[DATASET EXTRACT]
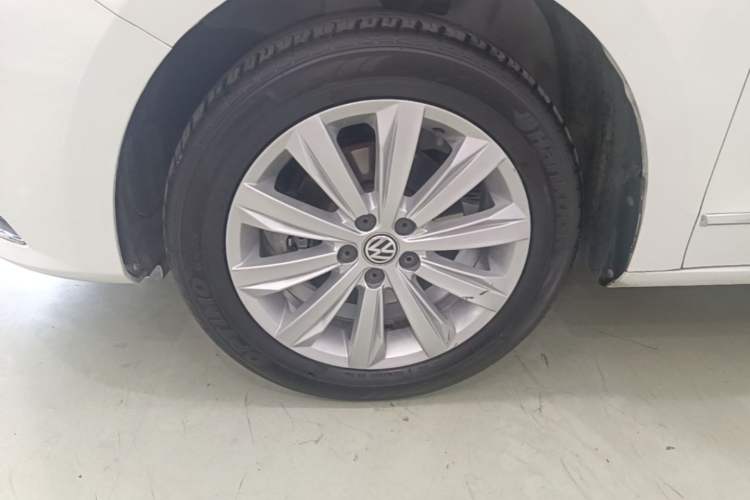 Used Volkswagen Bora 2016 1.6L Automatic Comfort Model Left Front Wheel Hub
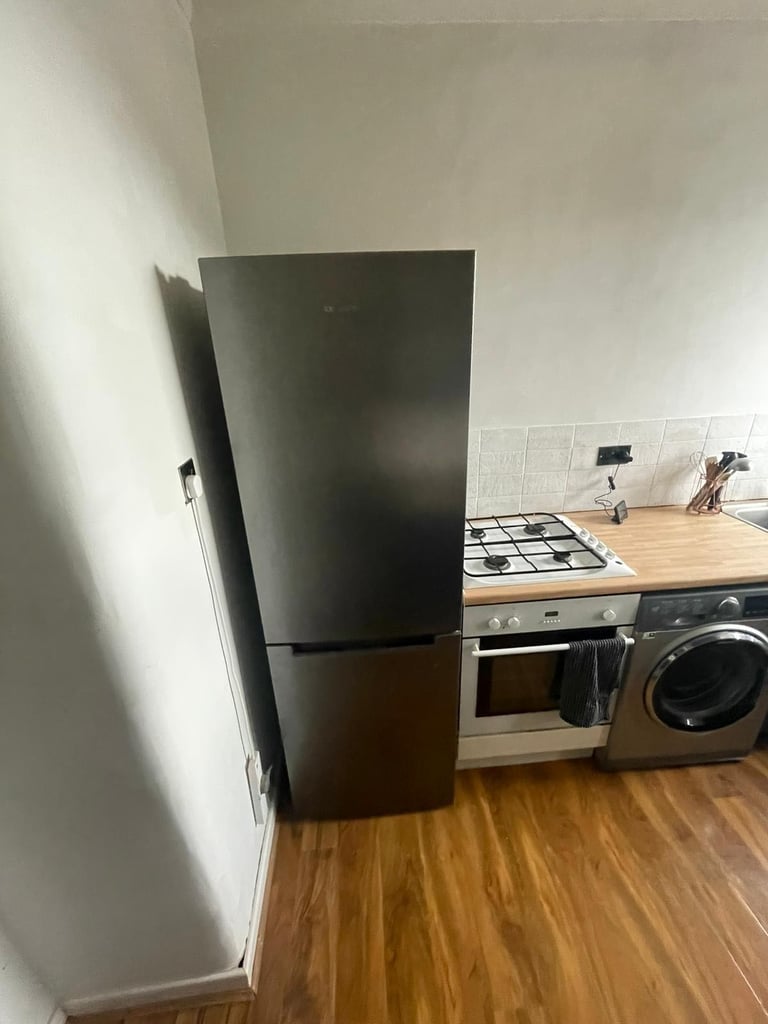 Kenwood fridge freezer 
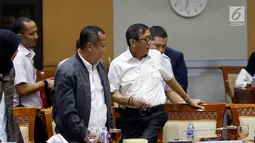 Menteri Hukum dan HAM Yasonna Laoly bersiap mengikuti rapat kerja dengan Komisi III DPR, di Kompleks Parlemen Senayan, Jakarta, Kamis (13/6). Raker membahas pendahuluan RKA-KL dan Rencana Kerja Pemerintah (RKP) Kementerian Hukum dan HAM tahun 2020. (Liputan6.com/Johan Tallo)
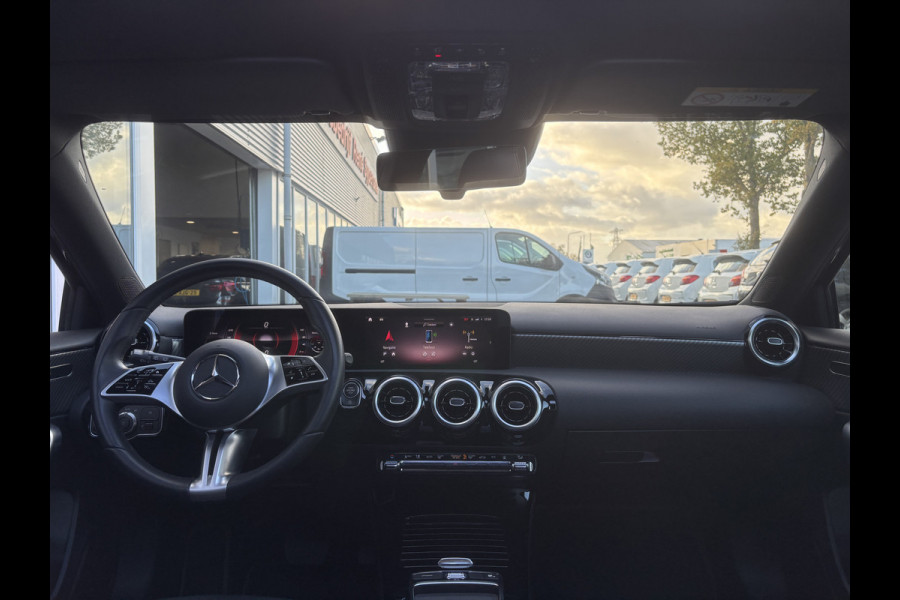 Mercedes-Benz A-Klasse 180 Business Line | Automaat | Pano | Parkeer Camera | Stoelverwarming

[AIM OF THE EXERCISE] Print the whole listing exactly. No pictures belong in the copy.

[ANSWER FOR THE TASK]
 Used Volkswagen Bora 2016 1.6L Automatic Comfort Model Left Front Wheel Hub
 Kenwood fridge freezer 
 Menteri Hukum dan HAM Yasonna Laoly bersiap mengikuti rapat kerja dengan Komisi III DPR, di Kompleks Parlemen Senayan, Jakarta, Kamis (13/6). Raker membahas pendahuluan RKA-KL dan Rencana Kerja Pemerintah (RKP) Kementerian Hukum dan HAM tahun 2020. (Liputan6.com/Johan Tallo)
 Mercedes-Benz A-Klasse 180 Business Line | Automaat | Pano | Parkeer Camera | Stoelverwarming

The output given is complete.